Andrew Hodson and Steve Jefferis are among a throng of artists blending electronica with experimental, post rock elements; balancing beats with loops and melody and choosing their epic and sensitive moments carefully. Touting themselves rather aptly as a ‘21st century krautrock hybrid’, they’ve remixed tracks for UNKLE and Maxïmo Park. Debut LP, Keep Warm… with the Warm Digits, boasts Field Music’s David Brewis on bass.
Hailing originally from Newcastle and the North East, their roots are laid bare, both in the landscape-mimicking textures and the straightforward approach to music making. And although the pair started life as a laptop techno outfit, they’ve travelled some distance from their beginning. Instead, electronica is now used as a metronome and a tool for developing rich, warm notes and textures that mix nicely with the new, heavier, instrumental side of their sound.
The concept of ‘warmth’ crops up a lot with the Warm Digits, lessening the harsh effects of Mother Nature’s drizzle-infested shock tactics on northern landscapes. Much of the album nestles itself in synths and comforting beats – Keep Warm’s trills and piano notes build to a crescendo with bursting drums. It’s no surprise that Warm Digits’ ’70s experimental tendencies have wooed comparisons with Neu! – the band born from early Kraftwerk members – carrying strains of similar loops and exploratory, psychedelic riffs.
Trans-Pennine Express chugs into gear with huffs and puffs, rattling over sleepers. It duly nods to Kraftwerk’s Trans Europe Express, both in name and with movement-influenced rhythms and journeying melodies. But despite its label, the track’s drums and percussion are in fact the sonic kin of Holy Fuck, with Milkshake-esque punching drums that turn new pages on the track. That irrepressible pace continues with Weapons Destruction, balancing powerful rhythms in the first half with a looped, woody-noted melody, flipping to give the laptop its limelight at the close.
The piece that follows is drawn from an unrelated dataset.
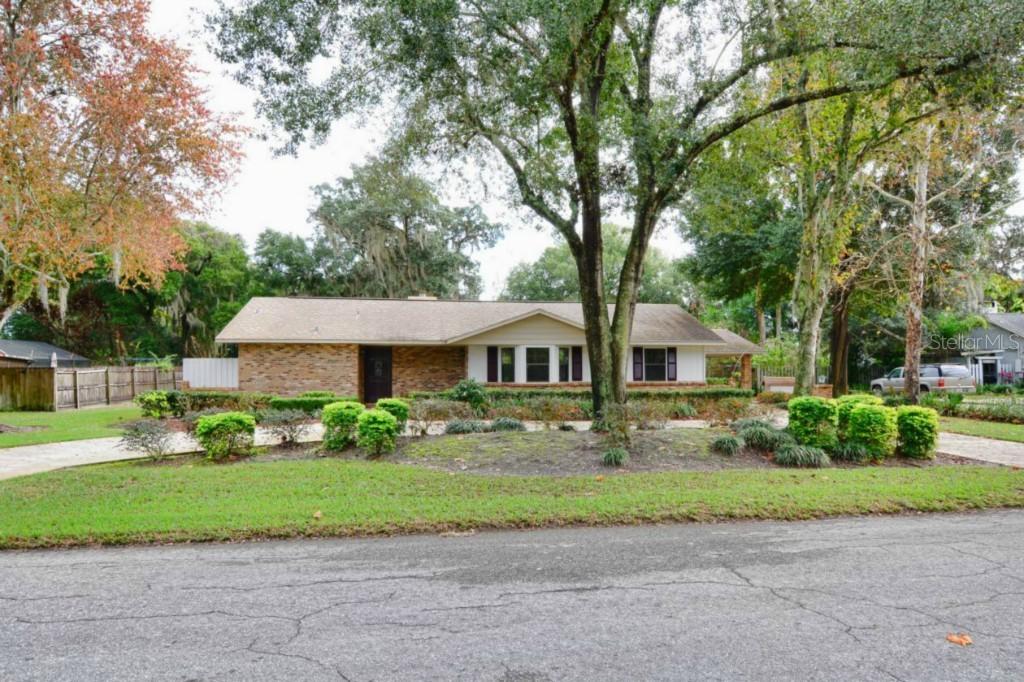 31202 Cove Rd., Tavares, FL 32778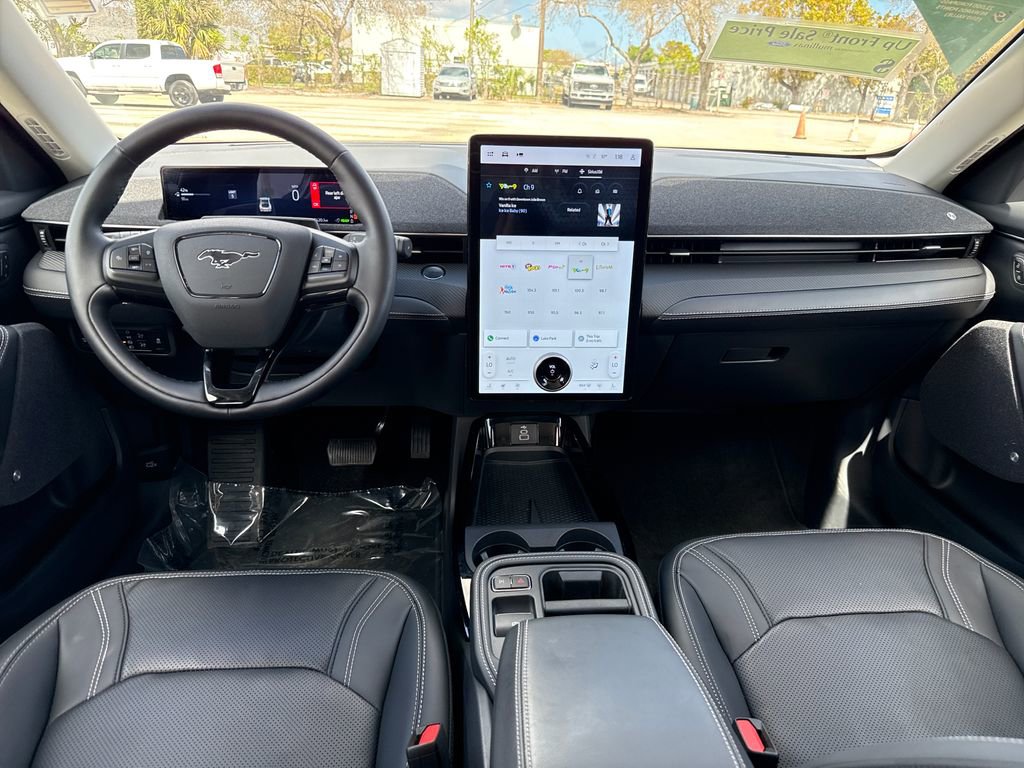 Certified 2025 Ford Mustang Mach-E Premium image 6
Distortion and dischord regularly make appearances in the debut, harmonising with interwoven layers. But the undulating guitars and cascading drums mean Warm Digits never stray a million miles from post rock, like Mogwai, only touched by laptop beats, mixing desks and dancefloors. It’s this constant, but well-placed tension between computer and the manmade that makes Keep Warm work as a complete entity, One Track Groove capturing that same mix of guitar and synth.
But there’s room for change in pace with Grapefruit and The Surplus Of Seeing – both slow grinding, melodic offerings with helpings of cowbell and sci-fi synths. Sweeping kraut electronica weaves itself through this and much of the rest of the album, but with a cosy timbre, as on A Warm Front Coming From The North, which feels like an ’80s arcade game version of what the future was supposed to be like.
Keep Warm… with the Warm Digits is not an extravagant effort, but it works as a cohesive whole and is an ideal starting point for the duo, showing a great deal of intelligence in their craft. Some of the edges might be a little rough, but the album’s epic rolling drums mixed with the warm textures and beats, means that the interplay of the organic and computer-generated is the star.